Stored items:
=======

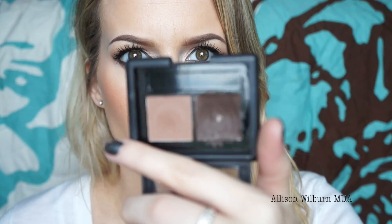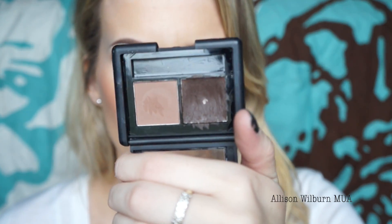Next is the ELF Eyebrow Kit — I have the color Medium, but it also comes in Light, Dark, or Ash. It comes with a wax and a powder, and I only use the wax. A lot of people who have this only use the wax, probably because it's so good. It's sticky but not too sticky, with good color payoff but not so much that your eyebrows look like blocks. It stays all day as long as you don't rub it.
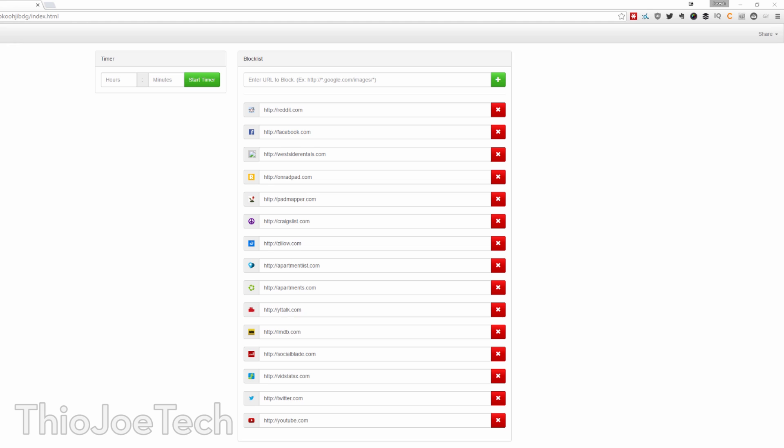The next extension is called Citrus. This is a productivity extension, and it basically lets you type in a list of websites that you go on and waste time on, like Reddit, YouTube, Twitter, all those sites. Then you set a timer, and it will automatically block all those websites during the time you have it enabled. You can't stop the timer — obviously you can go and remove the extension — but the whole idea is you'll try to stick to it. If you set the timer for say three hours, it'll block any websites on that list and show a motivational quote or something.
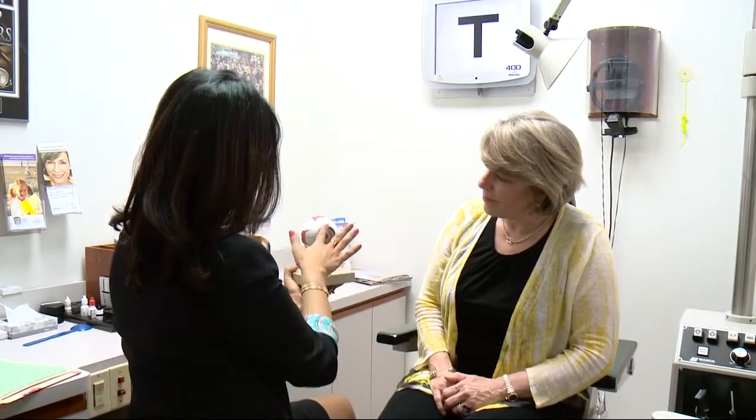Dr. Shilpa Rose is with Eye Associates of Washington DC. She says the women were experiencing presbyopia — a condition that comes with age. The lens inside the eye becomes hard and does not like to bend, so things that were once very easy to read close up become harder.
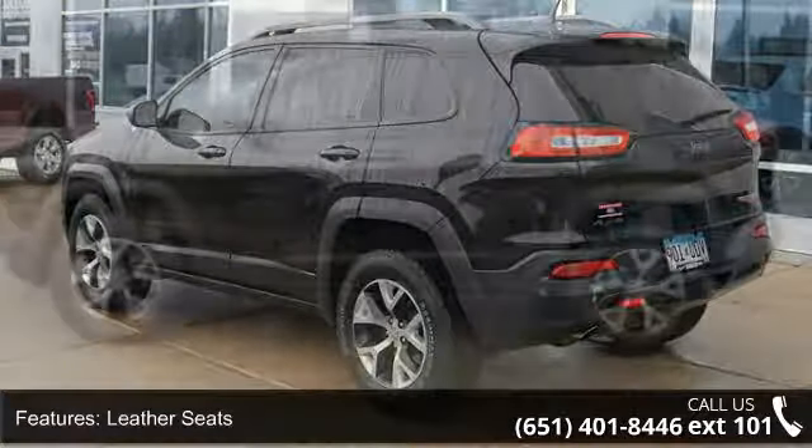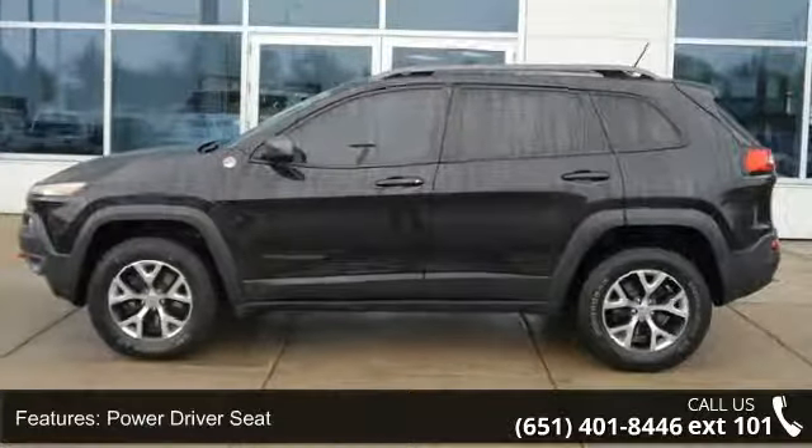This car won't be available much longer. Call now to schedule a test drive at our dealership.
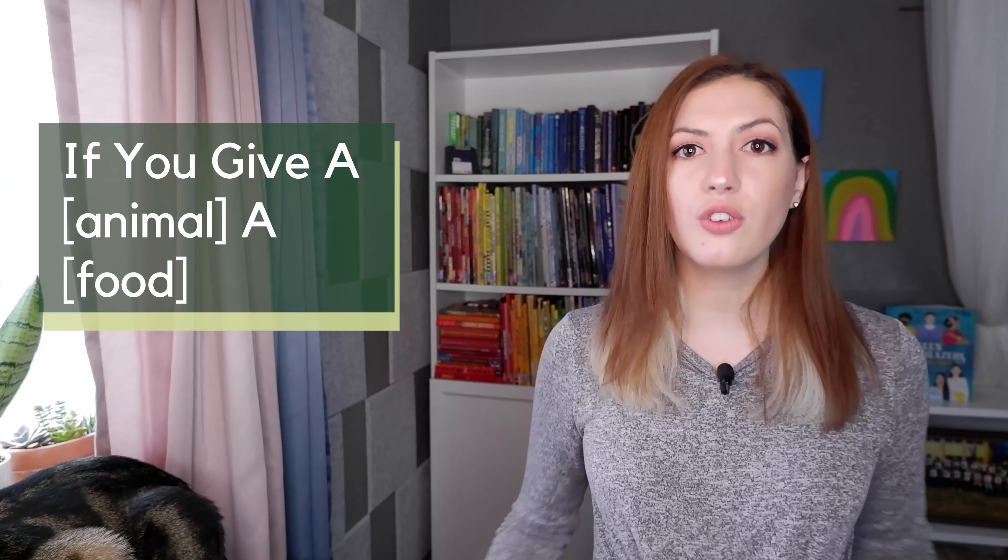So today, let's make a cover for our very own Laura Numeroff and Felicia Bond style book. We're going to all write 'If you give a...' and then an animal, and then some sort of food product. And then you'll draw a picture for the cover of it.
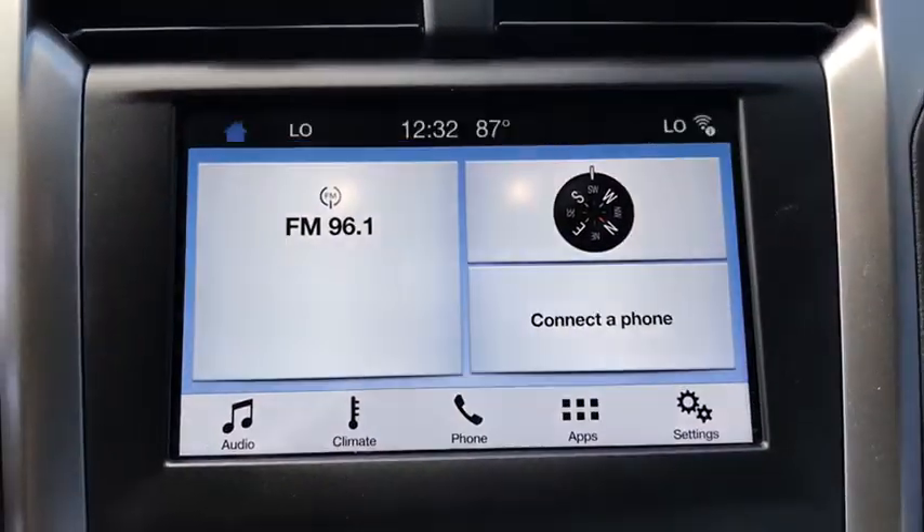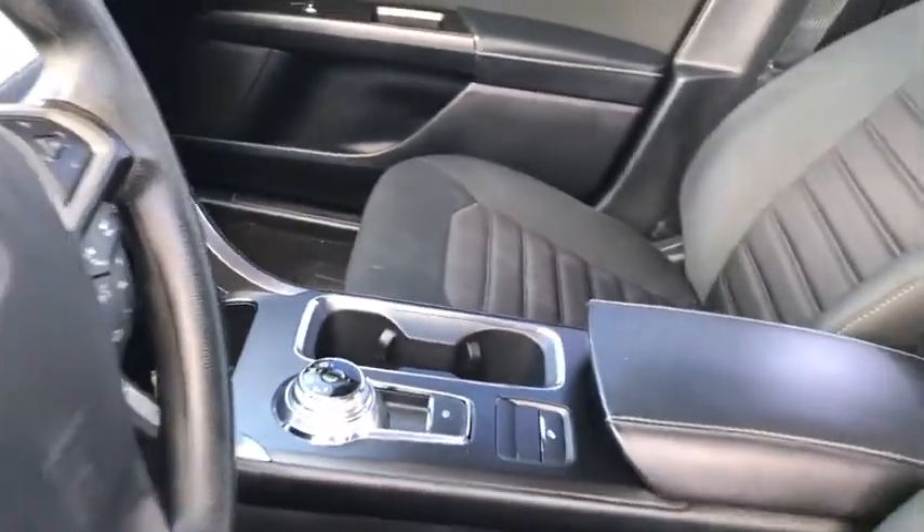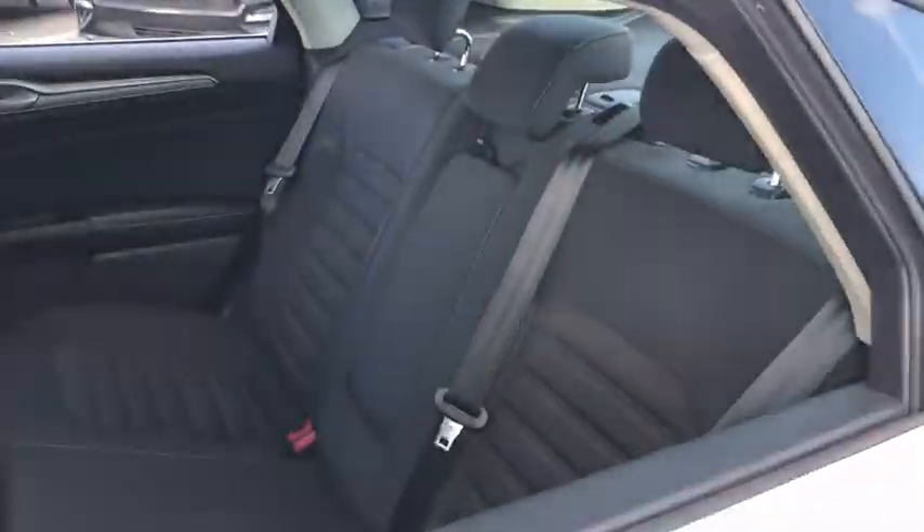Brake assist, remote keyless entry, panic alarm, overhead console, tachometer, driver vanity mirror, front reading lamp.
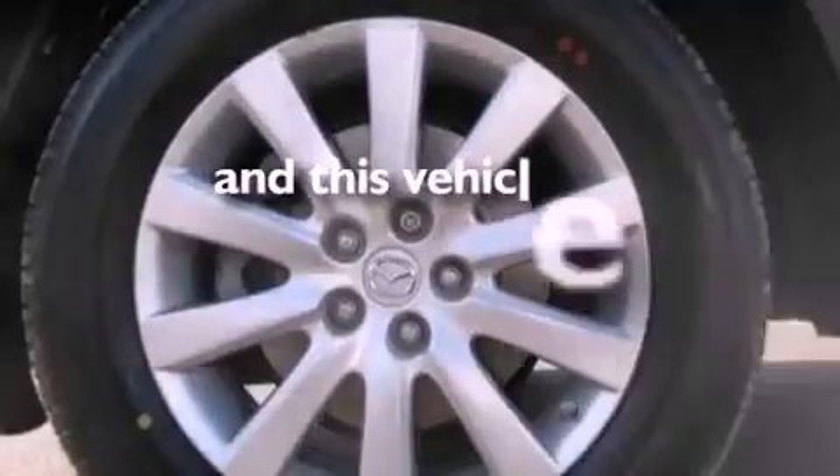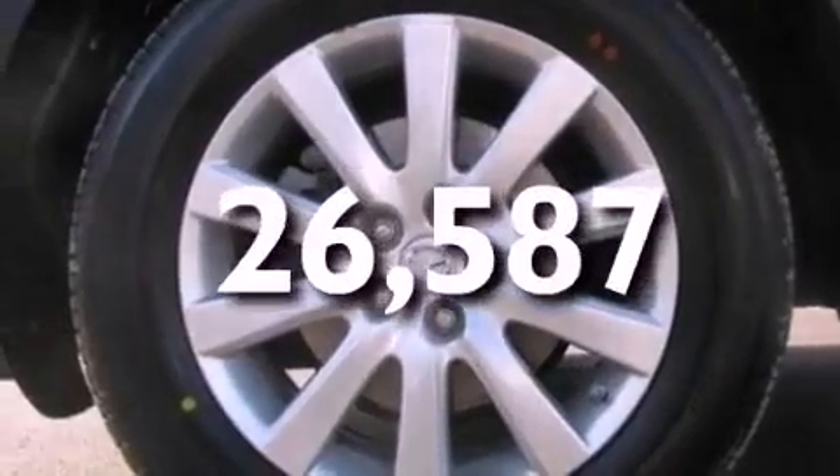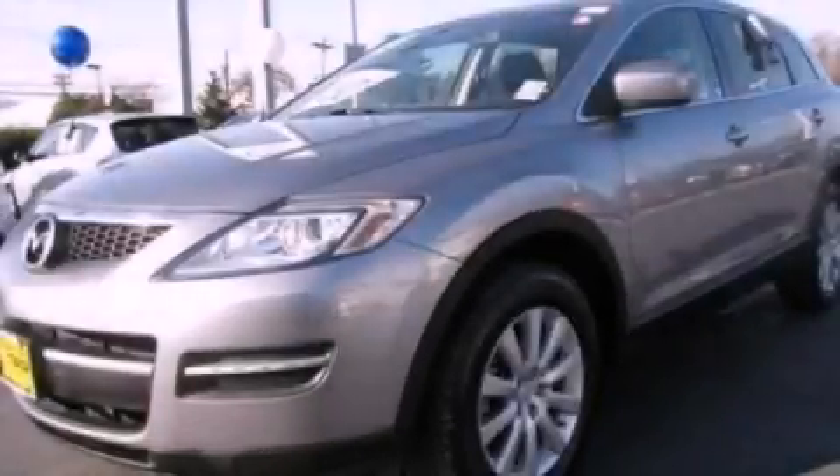This vehicle has fewer than 27,000 miles on the odometer. Stop by today and test drive this automobile for yourself.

=======

Reproduce nothing but the lines that run from the line containing "Brake assist, remote" through the last line of the records, inclusive. Omit the pictures.

THE ANSWER:
Brake assist, remote keyless entry, panic alarm, overhead console, tachometer, driver vanity mirror, front reading lamp.
This vehicle has fewer than 27,000 miles on the odometer. Stop by today and test drive this automobile for yourself.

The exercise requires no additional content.